Question 9: Fill in blanks

Each time the memory structure is full, the data is written to disk in an SSTable data file. All writes are automatically partitioned and replicated throughout the cluster. Cassandra periodically consolidates SSTables using a process called __________, discarding obsolete data marked for deletion with a ___________.

To ensure all data across the cluster stays consistent, various repair mechanisms are employed.

 

  1. Compaction, tombstone
  2. Tombstone, compaction
  3. Serialization, compaction
  4. Repair, compaction
  5. Tombstone, repair

Correct Answer: 1

Explanation: Cassandra is designed to handle big data workloads across multiple nodes with no single point of failure.

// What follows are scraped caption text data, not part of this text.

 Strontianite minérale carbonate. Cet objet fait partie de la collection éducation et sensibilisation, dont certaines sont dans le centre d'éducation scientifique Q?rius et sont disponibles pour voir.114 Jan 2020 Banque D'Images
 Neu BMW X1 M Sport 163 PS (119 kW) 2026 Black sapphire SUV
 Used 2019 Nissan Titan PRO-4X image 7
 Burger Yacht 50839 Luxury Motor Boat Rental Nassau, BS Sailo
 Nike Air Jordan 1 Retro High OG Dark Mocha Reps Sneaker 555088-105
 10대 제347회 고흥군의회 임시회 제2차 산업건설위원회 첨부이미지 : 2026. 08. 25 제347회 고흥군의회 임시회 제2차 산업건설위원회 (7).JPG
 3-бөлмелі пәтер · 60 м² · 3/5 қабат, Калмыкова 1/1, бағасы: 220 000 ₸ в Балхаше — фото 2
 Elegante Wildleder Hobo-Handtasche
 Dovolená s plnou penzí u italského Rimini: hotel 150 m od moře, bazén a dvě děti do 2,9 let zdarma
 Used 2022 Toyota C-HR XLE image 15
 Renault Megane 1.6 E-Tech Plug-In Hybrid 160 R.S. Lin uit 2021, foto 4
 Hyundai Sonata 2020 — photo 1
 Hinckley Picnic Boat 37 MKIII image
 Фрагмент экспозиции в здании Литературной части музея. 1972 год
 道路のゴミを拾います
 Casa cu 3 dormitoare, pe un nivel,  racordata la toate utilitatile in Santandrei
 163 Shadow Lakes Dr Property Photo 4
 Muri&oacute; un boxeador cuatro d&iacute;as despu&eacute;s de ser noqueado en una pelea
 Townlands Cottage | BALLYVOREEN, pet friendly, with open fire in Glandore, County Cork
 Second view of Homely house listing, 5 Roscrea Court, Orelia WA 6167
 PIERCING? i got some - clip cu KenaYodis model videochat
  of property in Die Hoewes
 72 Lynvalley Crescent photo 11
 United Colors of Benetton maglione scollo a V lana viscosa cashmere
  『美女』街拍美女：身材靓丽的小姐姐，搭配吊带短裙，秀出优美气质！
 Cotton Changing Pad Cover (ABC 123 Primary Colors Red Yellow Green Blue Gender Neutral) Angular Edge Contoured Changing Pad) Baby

Its architecture is based on the understanding that system and hardware failures can and do occur. Cassandra addresses the problem of failures by employing a peer-to-peer distributed system across homogeneous nodes where data is distributed among all nodes in the cluster. Each node frequently exchanges state information about itself and other nodes across the cluster using peer-to-peer gossip communication protocol. A sequentially written commit log on each node captures write activity to ensure data durability. Data is then indexed and written to an in-memory structure, called a memtable, memtable which resembles a write-back cache. Each time the memory structure is full, the data is written to disk in an SSTable data file. All writes are automatically partitioned and replicated throughout the cluster.

Cassandra periodically consolidates SSTables using a process called compaction, discarding obsolete data marked for deletion with a tombstone. To ensure all data across the cluster stays consistent, various repair mechanisms are employed.